Interrumpió Mariana.

—Pero eso ¿no es la memoria?

—¿Qué quiere que le diga? Me parece que no le falta a usté razón… (Fernán-Gómez, 1995b: 243-244).

Sus textos –caracterizados por contener una reflexión general sobre el ser humano, por poner el acento en la palabra poética y la importancia del lenguaje (era claramente un enamorado de la palabra que aspiraba a través de ellas –y a pesar de ellas– a comprender el género humano) y por estar siempre interesados por temas de los que todavía hoy en día se tiene muy poca información científica (el amor, la creatividad, la autorrealización)–, apuestan por un modelo humanista con algo de pesimismo existencialista, muy reconocible este último matiz en esa especie de neohumanismo de raíz agnóstica y atea –como el de Sartre– que le llevaba a subrayar las tendencias más irracionales de la conducta humana y las dificultades de autorrealización en nuestra masificada, burocrática y deshumanizante sociedad. Y, sin embargo, su doctrina no era finalmente pesimista, sino que se revela en ella –como en la obra de Albert Camus– ese fuerte compromiso que da sentido y valor a la vida.
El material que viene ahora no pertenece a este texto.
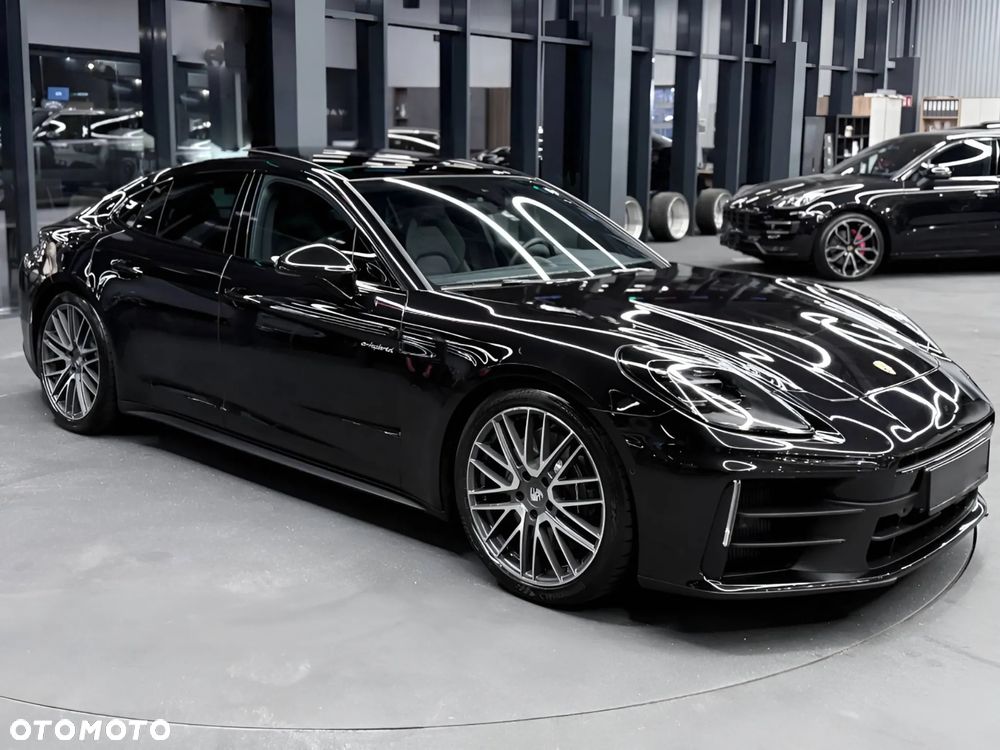 Porsche Panamera 4 E-Hybrid - 3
Fernán-Gómez erigió al ser humano en el centro de su universo creador, intentando deducir sus potencialidades interiores. Y, así, es frecuente que sus personajes se dediquen a buscar el mejor modo de vida posible dentro siempre de una época de profundos cambios en la que se cuestionan las costumbres, creencias y tradiciones y en la que, como consecuencia, la persona –como los hombres y mujeres de nuestro presente– vive confusa, víctima de una tensión espiritual y emocional profunda.
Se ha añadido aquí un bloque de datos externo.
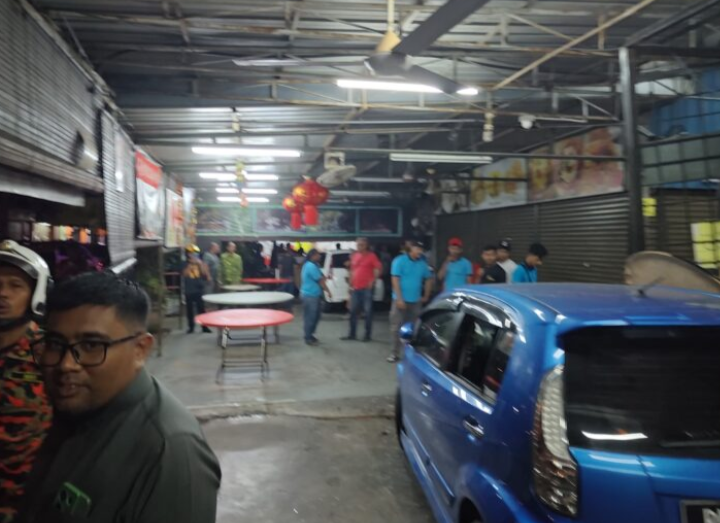 Pemandu dipercayai sawan rempuh kedai nasi lemak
El dilema humano, que con frecuencia se resuelve bien abandonando la búsqueda de la propia identidad y encontrando más o menos satisfacción en la identificación y conformidad a ciegas con el grupo, permite, sin embargo, la lucha por la definición del propio ser, algo reservado a aquellos que tienen el suficiente valor para romper todo tipo de ataduras y aceptar la consiguiente soledad que ello implica. Y, en este sentido, nada es de extrañar la añoranza profunda del deseo expresado por Fernando Fernán-Gómez; deseo de los auténticos, como escribía en El arte de desear, de aquellos que no son de otros, sino verdaderamente nuestros, como su constante deseo de escribir (Fernán-Gómez, 1992: 233-237).